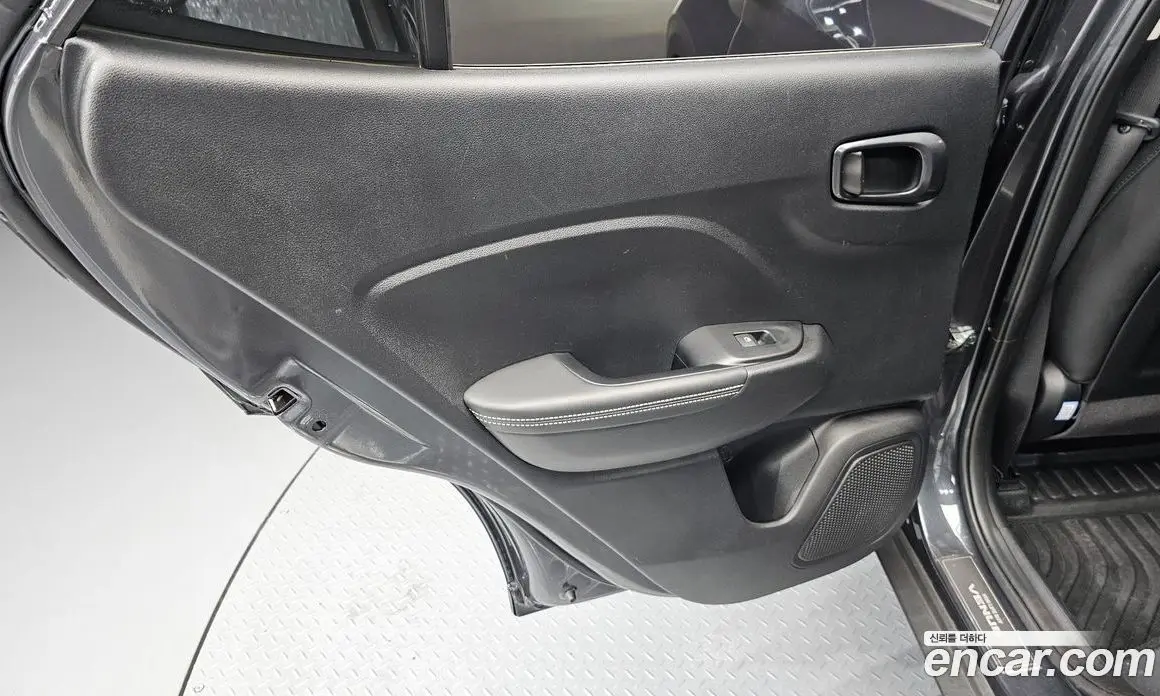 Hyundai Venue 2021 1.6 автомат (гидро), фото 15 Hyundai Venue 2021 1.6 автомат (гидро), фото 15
==
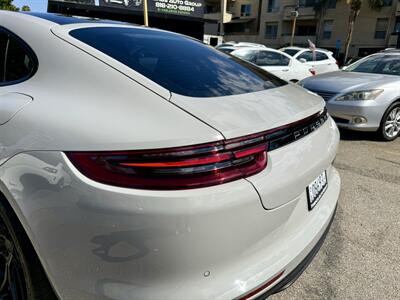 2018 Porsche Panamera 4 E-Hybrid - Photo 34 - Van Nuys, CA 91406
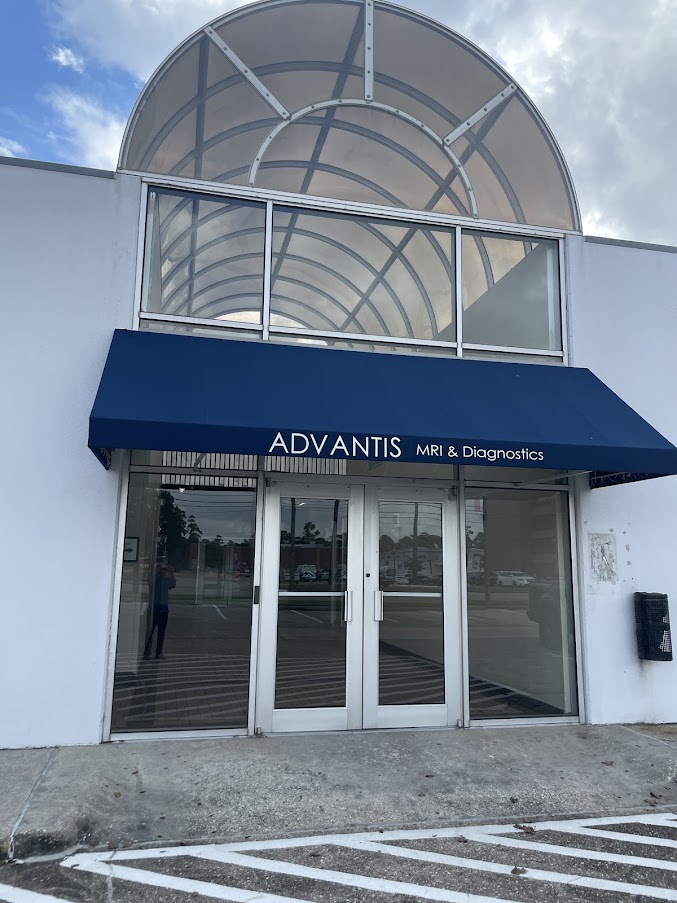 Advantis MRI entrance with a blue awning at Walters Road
* * *
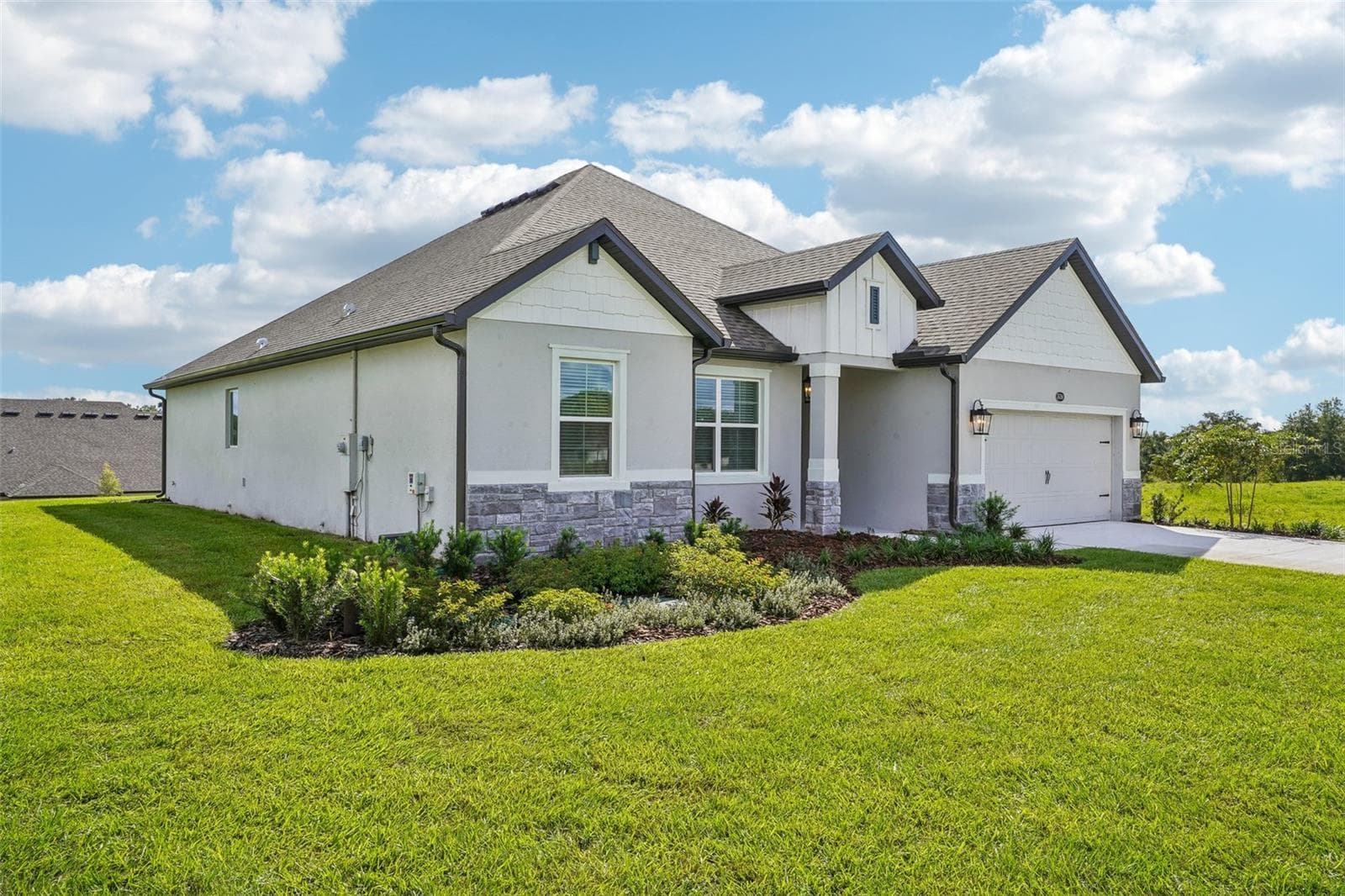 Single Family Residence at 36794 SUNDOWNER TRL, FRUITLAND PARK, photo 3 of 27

Your task — Out of the records above, return only the lines from the one with "2018 Porsche Panamera" through the one with "Advantis MRI entrance", exactly, and none of the pictures.

Output for this exercise —
 2018 Porsche Panamera 4 E-Hybrid - Photo 34 - Van Nuys, CA 91406
 Advantis MRI entrance with a blue awning at Walters Road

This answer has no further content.